El Congreso de la Ciudad de México aprobó una reforma constitucional que establece un nuevo límite al aumento de las rentas en la capital, con el objetivo de hacer frente a la inflación y mejorar el acceso a la vivienda. Con 50 votos a favor, se modificaron el Código Civil y la Ley de Vivienda para que el incremento de las rentas no supere la inflación registrada por el Banco de México en el año anterior, en lugar del límite previo del 10% sobre la renta mensual pactada.
Las reformas también introducen un registro digital de contratos de arrendamiento, que estará a cargo del Gobierno de la Ciudad de México. Este registro será de autorización inmediata, y los arrendadores tendrán un plazo máximo de 30 días para registrar los contratos después de su celebración.
Además, la nueva legislación impulsa la producción pública de vivienda en arrendamiento asequible, dirigida a personas de menores ingresos. Esta iniciativa busca que el gobierno capitalino, utilizando recursos públicos, ofrezca opciones de vivienda con criterios de asequibilidad, especialmente para trabajadores, madres solteras y jóvenes entre 18 y 35 años.

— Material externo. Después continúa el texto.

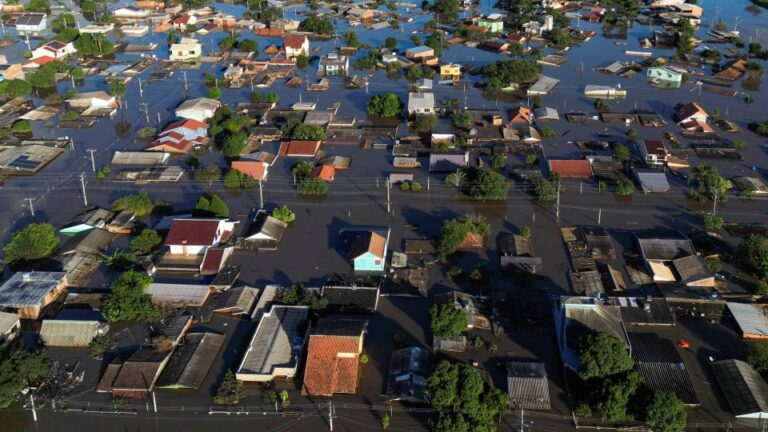 Flood-hit Brazil braces for more chaos under a weekend of heavy rain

Al presentar el dictamen, el presidente de la Comisión de Administración y Procuración de Justicia, Octavio Rivero, destacó que estas reformas abordan una problemática que ha persistido durante años en la Ciudad de México, pero que no había sido enfrentada adecuadamente. "La vivienda digna no es un privilegio, sino un derecho constitucional", subrayó, añadiendo que la reforma contribuirá a detener la gentrificación y la especulación inmobiliaria.

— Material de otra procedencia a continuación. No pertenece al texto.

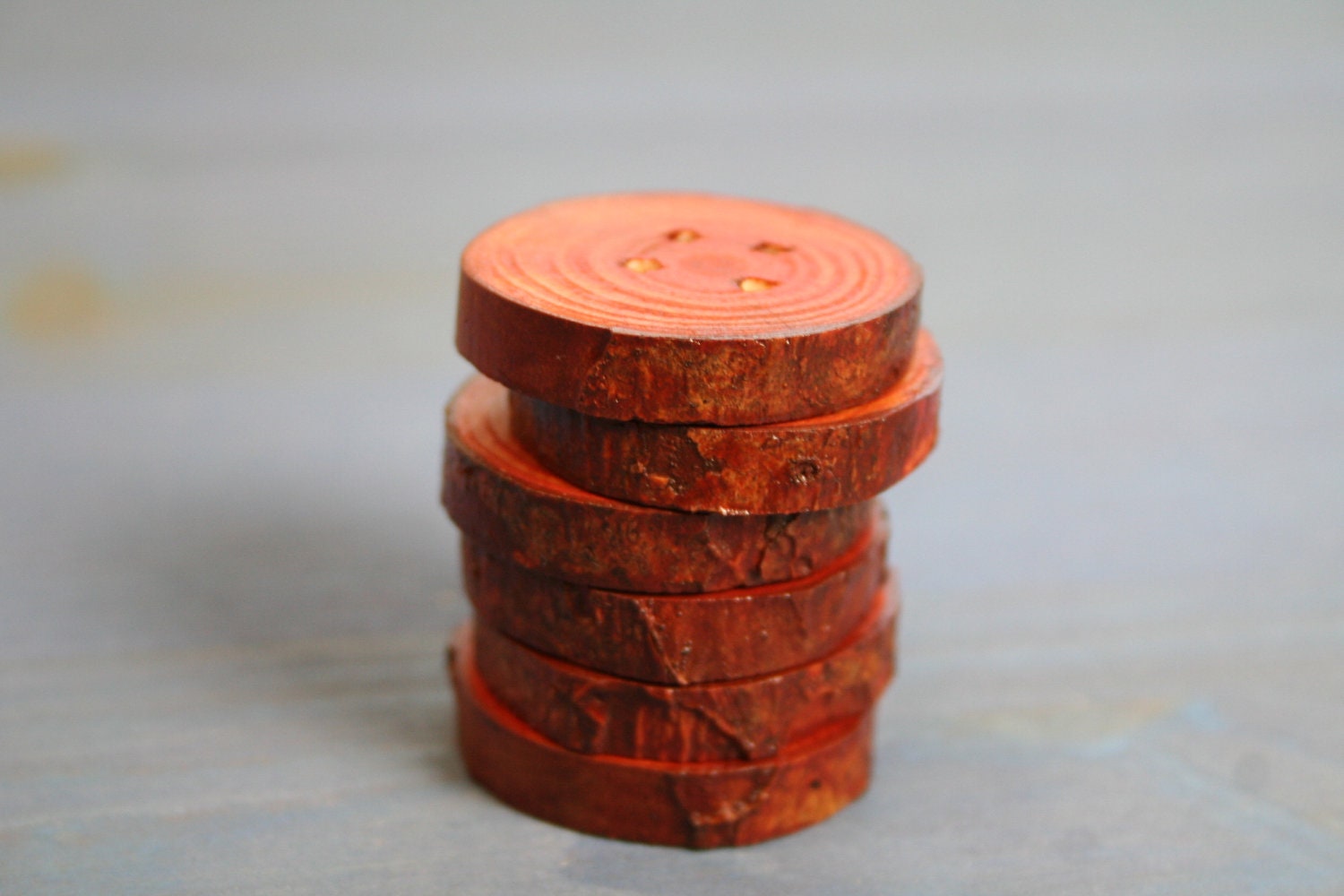 Red wood buttons - mahagony red - set of 6 with 4 holes - 3cm 1 2/8"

El diputado Víctor Hugo Lobo, al razonar su voto, señaló que el 24% de los habitantes de la capital rentan, lo que subraya la importancia de esta reforma. Por su parte, Mónica Fernández enfatizó que las rentas deben ser proporcionales a los ingresos de los ciudadanos, mientras que Royfid Torres, de Movimiento Ciudadano, describió la iniciativa como un "pequeño paliativo" a un problema de vivienda mucho mayor que requiere soluciones más integrales.
Frida Guillén, del PAN, consideró la reforma como una victoria parcial, señalando que aún queda mucho por hacer para garantizar el derecho a la vivienda de los jóvenes. Gabriela Salido coincidió en que las medidas adoptadas son "reformas cosméticas" y afirmó que la actual Legislatura no ha cumplido del todo con su deber en materia de vivienda, dejando una deuda con los capitalinos.
El dictamen presentó cuatro reservas, de las cuales solo dos fueron aprobadas, y ambas de forma.